Pictures with short captions:
Start of Block

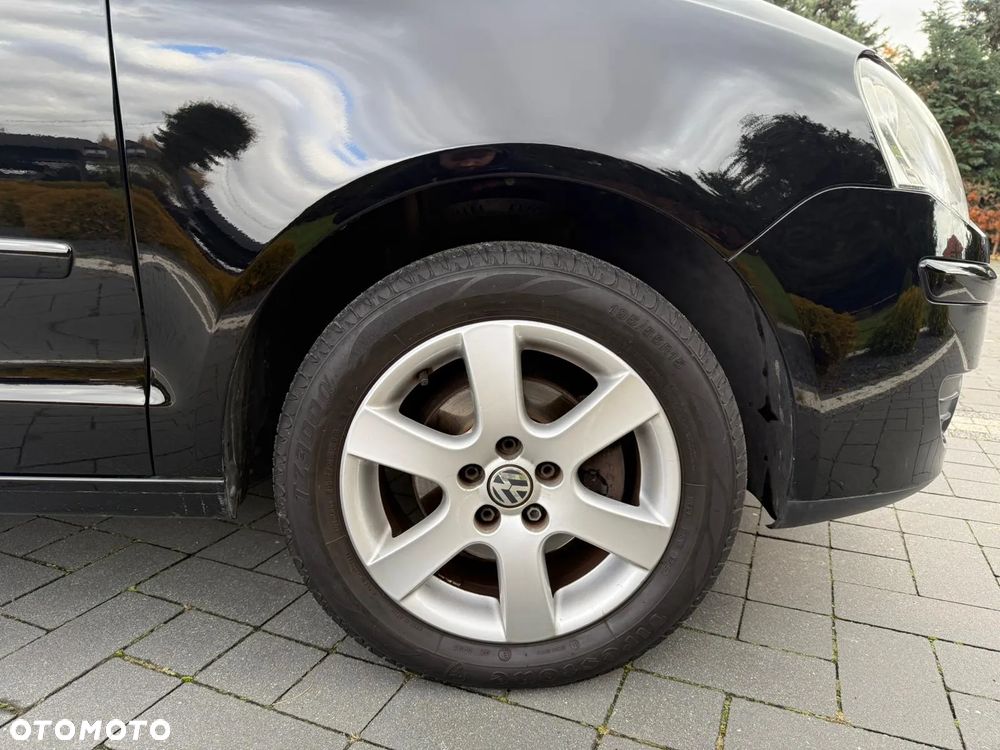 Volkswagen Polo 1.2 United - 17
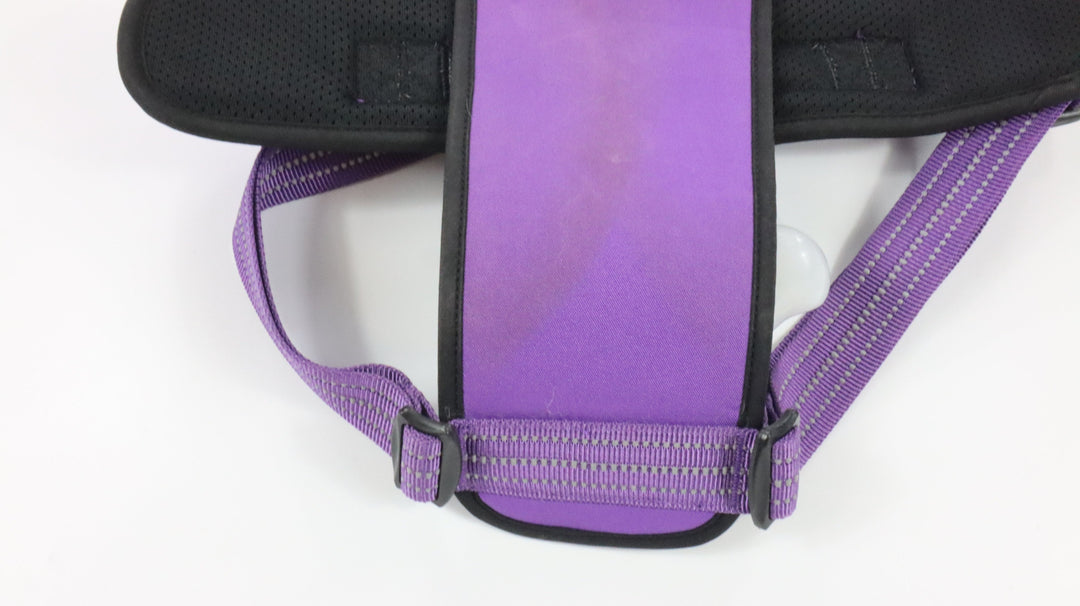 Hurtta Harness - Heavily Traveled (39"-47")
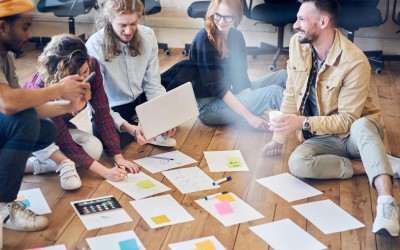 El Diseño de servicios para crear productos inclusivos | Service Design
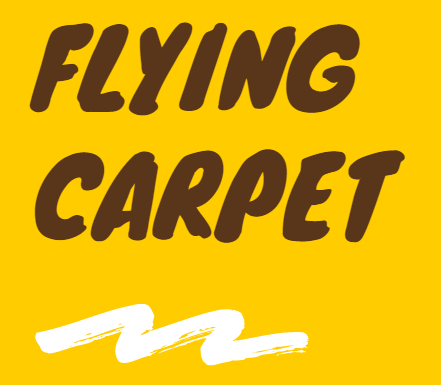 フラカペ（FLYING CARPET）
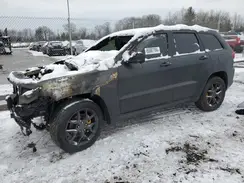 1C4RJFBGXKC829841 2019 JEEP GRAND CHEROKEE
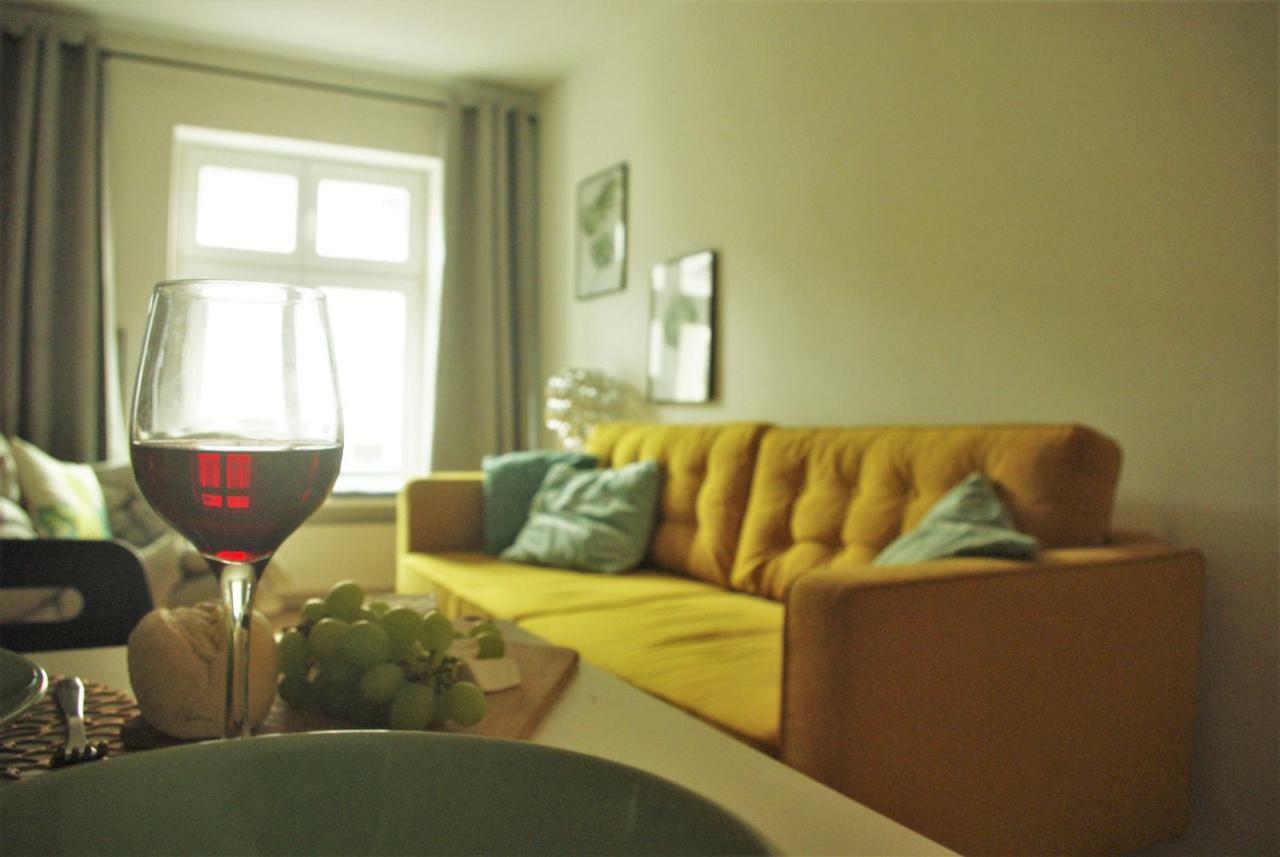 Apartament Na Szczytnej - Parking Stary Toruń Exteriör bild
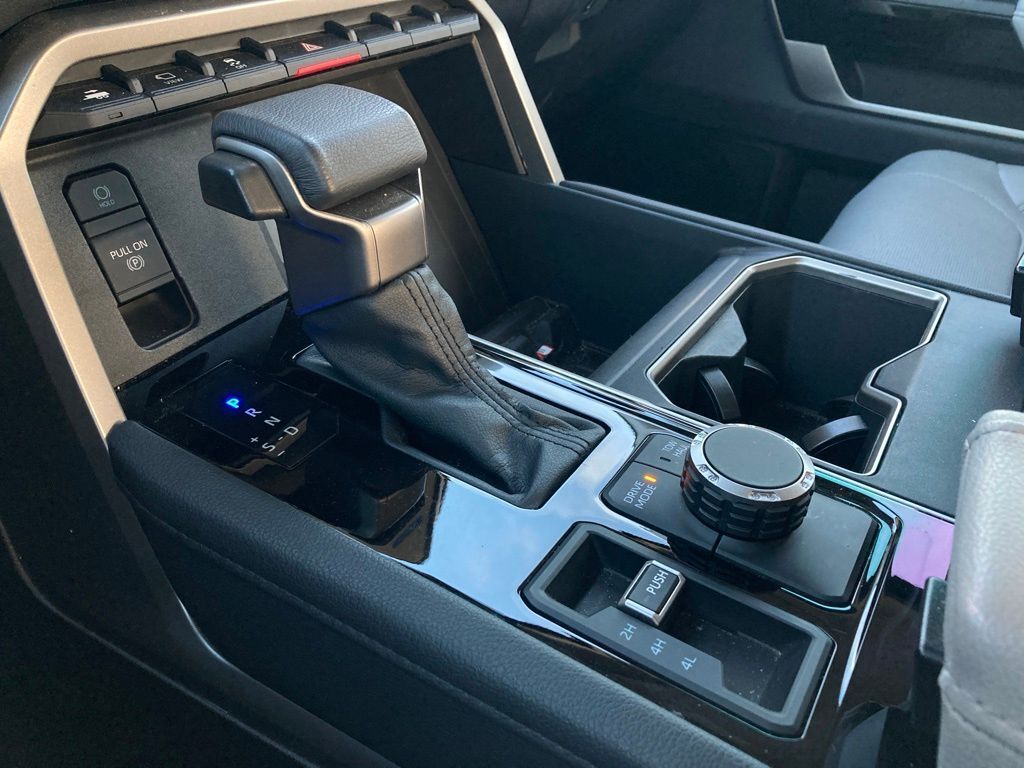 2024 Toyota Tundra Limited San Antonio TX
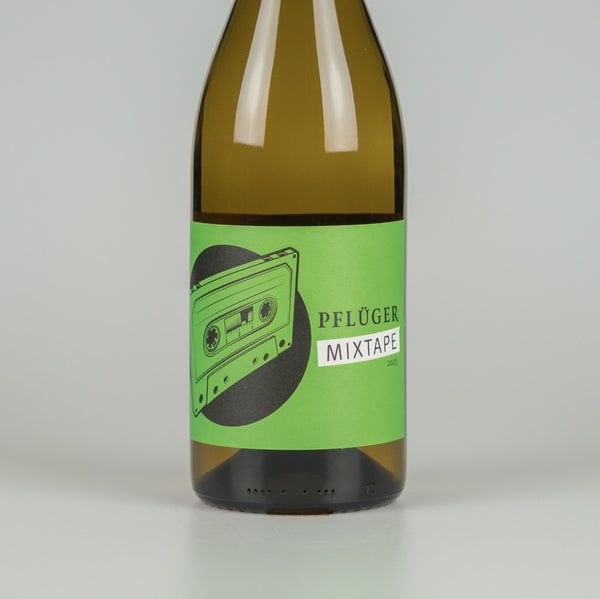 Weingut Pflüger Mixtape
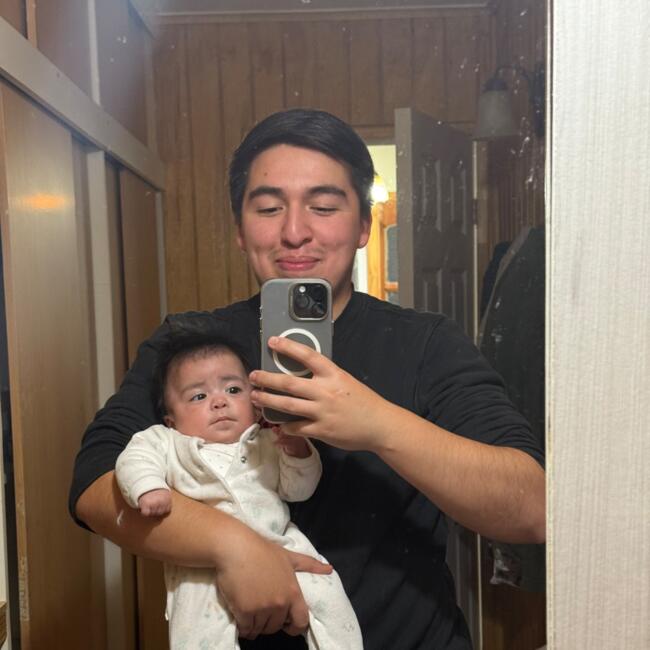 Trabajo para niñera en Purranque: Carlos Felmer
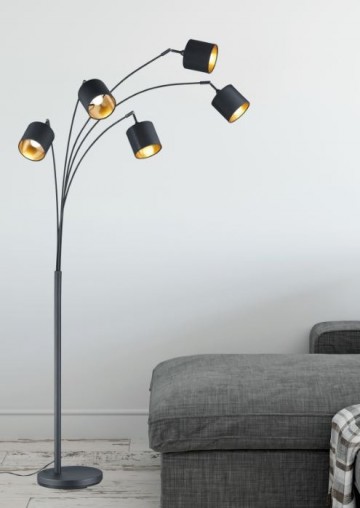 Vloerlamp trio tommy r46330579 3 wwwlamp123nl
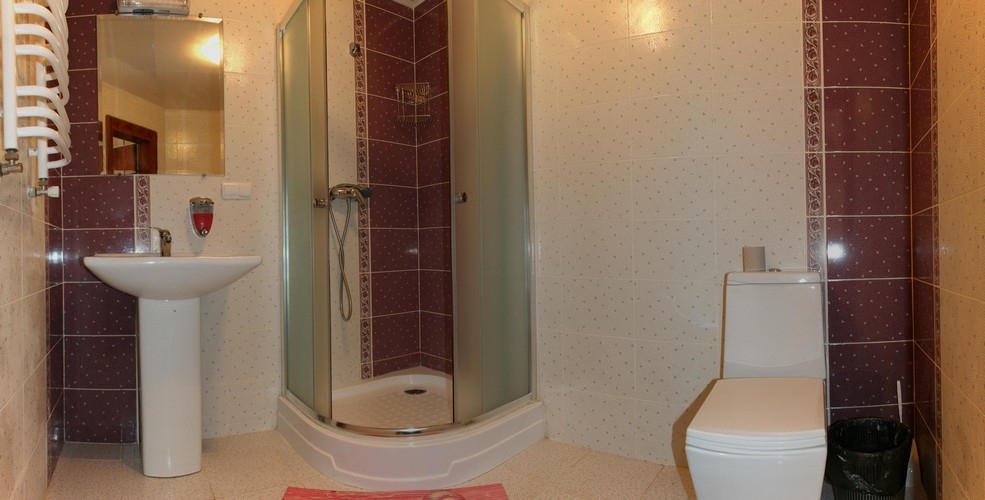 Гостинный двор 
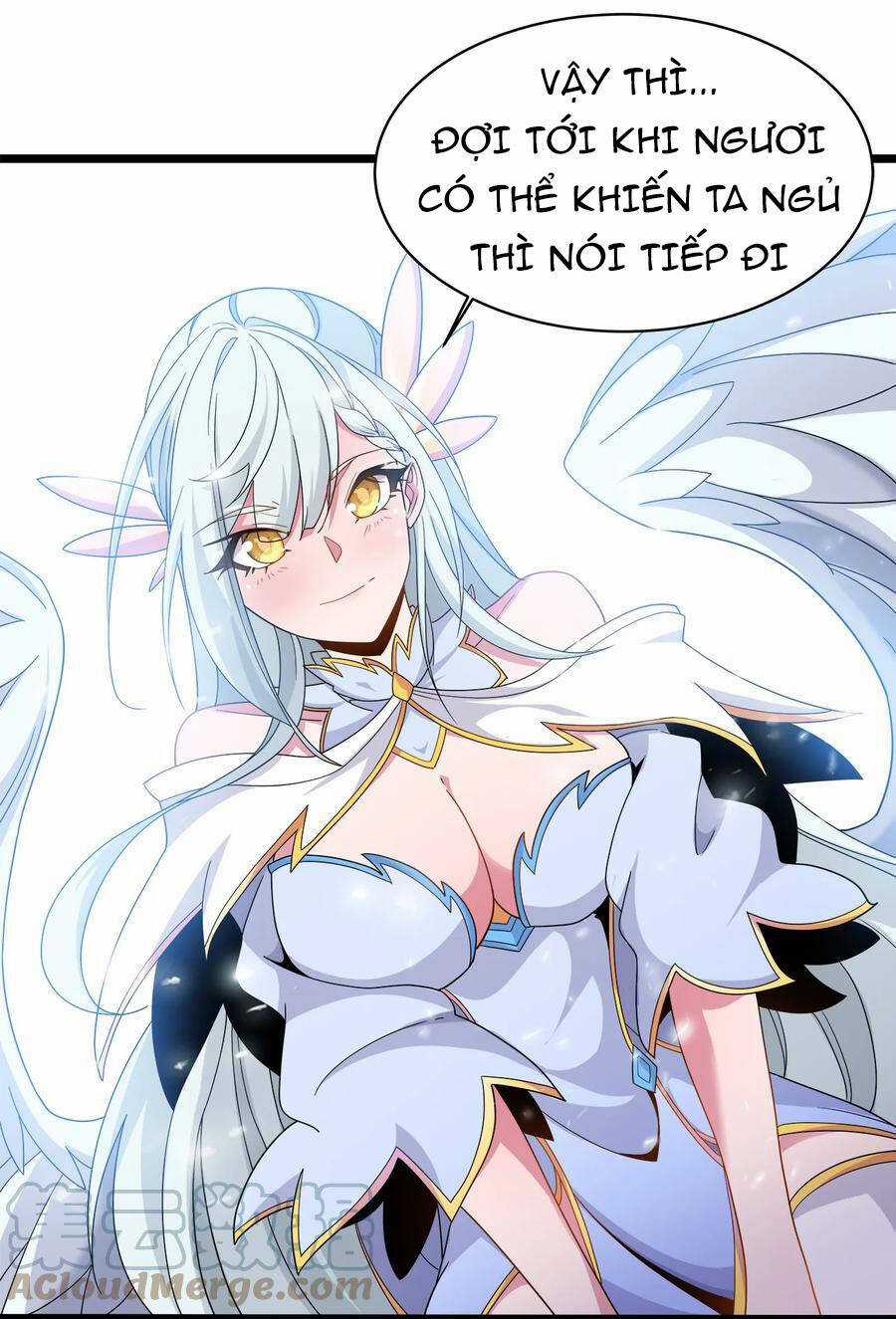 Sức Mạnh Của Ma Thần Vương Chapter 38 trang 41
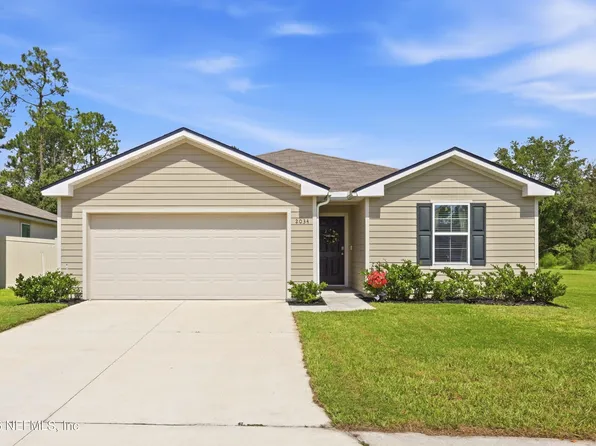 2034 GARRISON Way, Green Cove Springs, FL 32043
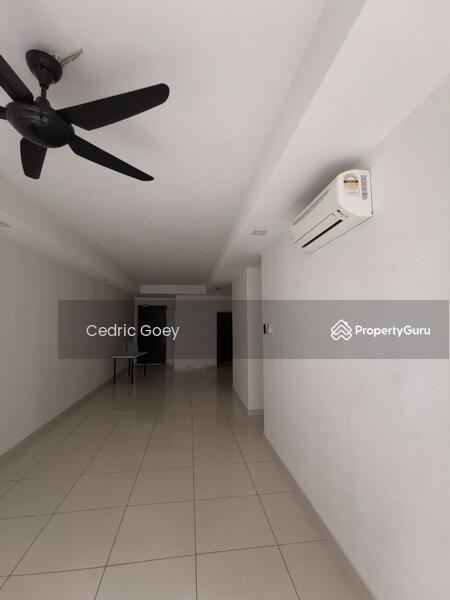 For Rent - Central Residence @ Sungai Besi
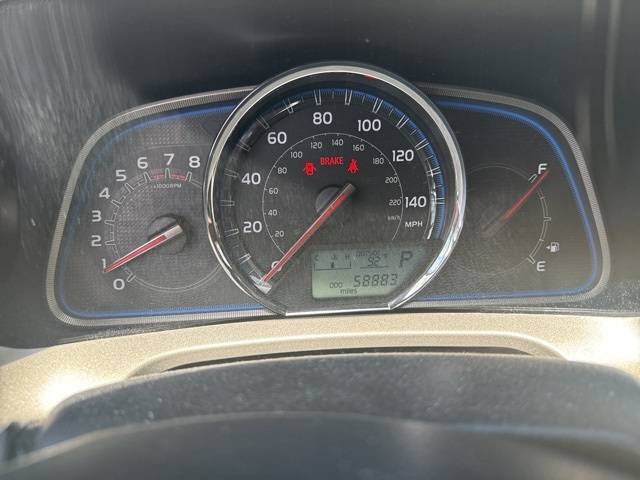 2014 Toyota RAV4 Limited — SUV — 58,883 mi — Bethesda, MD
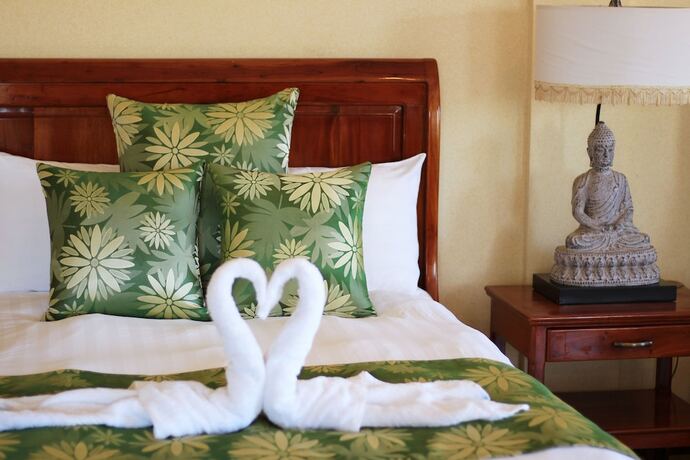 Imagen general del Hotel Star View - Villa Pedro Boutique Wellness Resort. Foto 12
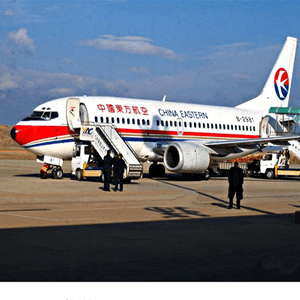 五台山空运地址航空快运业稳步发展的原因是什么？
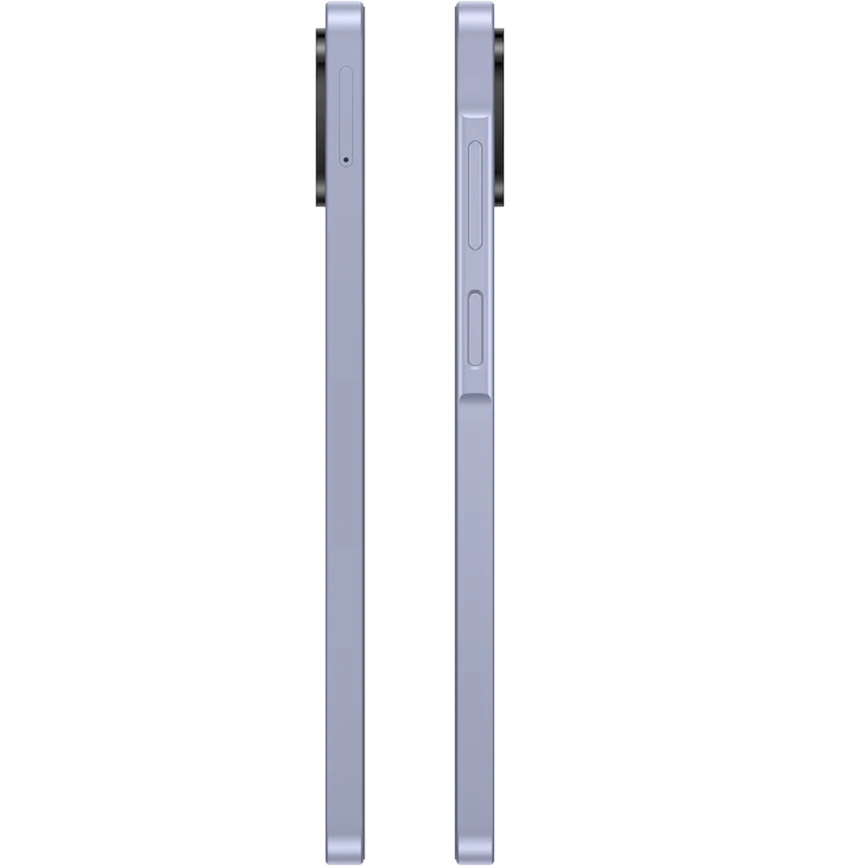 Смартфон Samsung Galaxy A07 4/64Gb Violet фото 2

End of Block

* Directions for this task:
All lines from the one containing "2014 Toyota RAV4" through the final line of the entries above must be restated word for word, pictures excluded.

* Exercise response:
 2014 Toyota RAV4 Limited — SUV — 58,883 mi — Bethesda, MD
 Imagen general del Hotel Star View - Villa Pedro Boutique Wellness Resort. Foto 12
 五台山空运地址航空快运业稳步发展的原因是什么？
 Смартфон Samsung Galaxy A07 4/64Gb Violet фото 2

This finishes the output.